# Who was Frodo's Best friend?



## Maeglin

Who do you think was Frodo's best friend of all of his friends, and why?


----------



## Aulë

There is no debate needed here
The obvious answer is Sam


----------



## Ecthelion

I also think its Sam, I mean they traveled from one side of Arda to the other and destroyed the ring of power together well sort of, but you get the picture.


----------



## elvish-queen

Ok, who voted for Pippin??
I mean, Sam was inseparable from Frodo, so who do you think was his best friend??


----------



## Lantarion

I obviously voted for Sam.. But at times it does seem to be a rather Master - Servant relationship..
I mean, Sam always calls Frodo Master.. And we don't see Frodo correcting him or telling him not to..


----------



## Celebthôl

if i remember rightly in the book it was Pippin and in the film it was Sam!!


----------



## MrFrodo

I think sam is his best friend but id like to think maybe merry or pippin could have been. I think outside the movie EW got on better with BB and DM because they were nearer his age so in the movie you feel pip and merry are closer.


----------



## Aglarthalion

Samwise was Frodo's best friend. I mean, Sam was the only of the Fellowship to come with Frodo at the end of FotR, and the devotion and loyalty Sam shows to Frodo is very deep and honest.


----------



## FoolOfATook

Even though I know that Sam was Frodo's best friend, I must admit that I voted for Pippin on general principle.


----------



## Elbereth

According to the book:



> " Some of Frodo's friends came to help him with the packing: there was Fredegar Bolger and Folco Boffin, and of course his special friends Pippin Took and Merry Brandybuck."

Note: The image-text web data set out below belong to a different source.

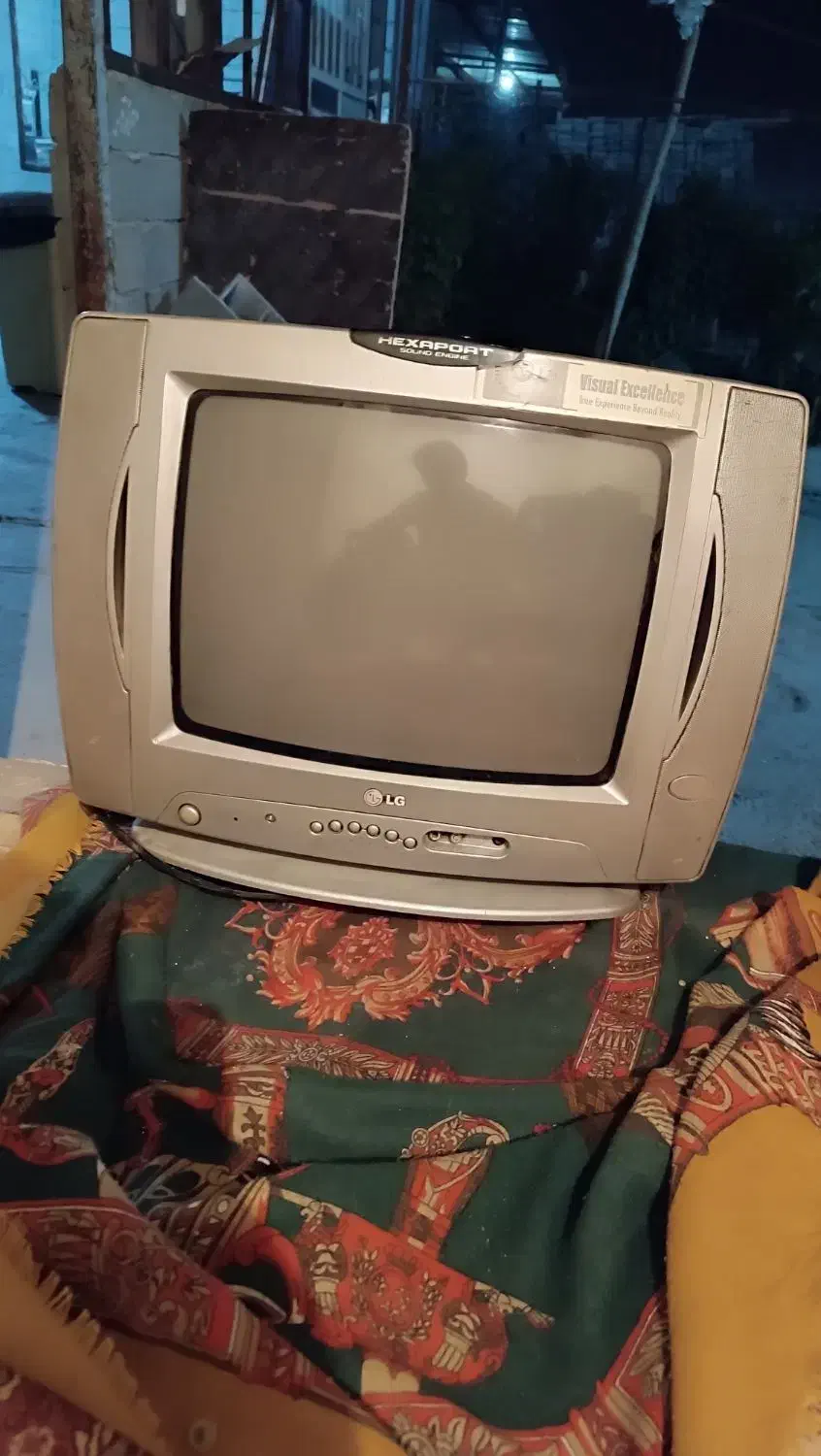 تلویزیون قدیمی|تلویزیون و پروژکتور|شیراز, کرونی(خاتونک)|دیوار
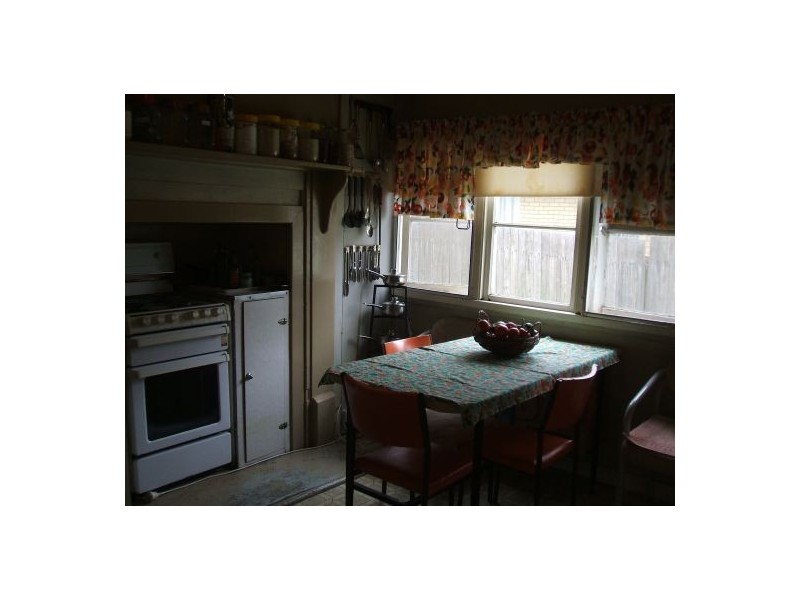 14 Railway Street, Tenterfield NSW 2372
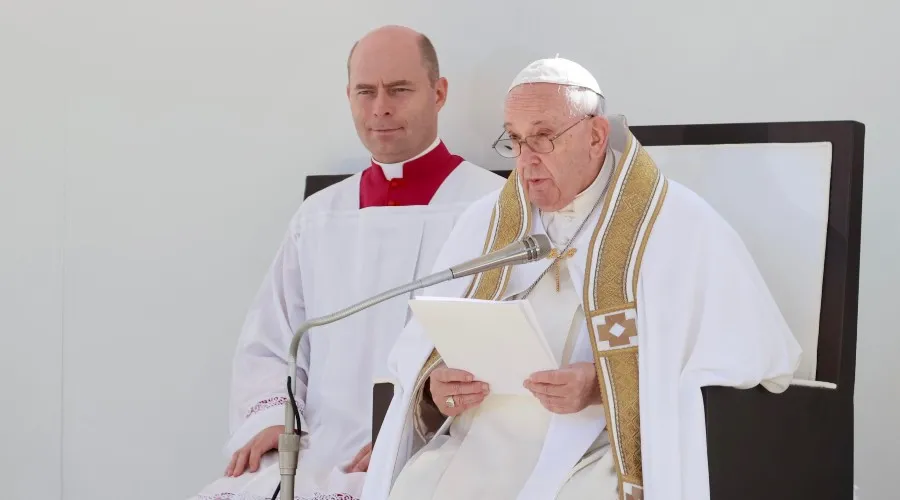 Papa Francisco en la Misa en L'Aquila. Crédito: Daniel Ibáñez/ACI Prensa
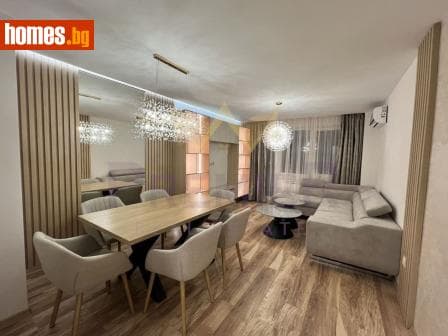 Тристаен, 84m²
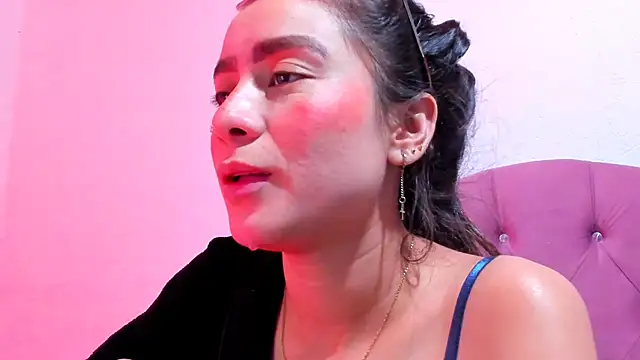 Snapshot of teffy_lee chatting on 01/19/25, 11:53 teffy lee online show from 01/19/25, 11:53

So I guess my answer would have to be Pippin and Merry.


----------



## Wulf of Dunland

Obviously Samwise the Brave.


----------



## Gothmog

I have not voted on this but let us first look at what happened.

At the begining of the book Sam, Merry and Pippin would not let Frodo leave the Shire alone, all three traveled with him. In the Council of Elrond again the three would not allow him to go without them. Indeed Merry and Pippin were ready to follow along behind if they were not in the Fellowship. Sam was inseperable from Frodo as was shown by his slipping into the Council even though he was not supposed to be there.
Sam would not let Frodo go to Mordor alone. Why did Merry and Pippin not follow as well? They were being carried off by Orcs.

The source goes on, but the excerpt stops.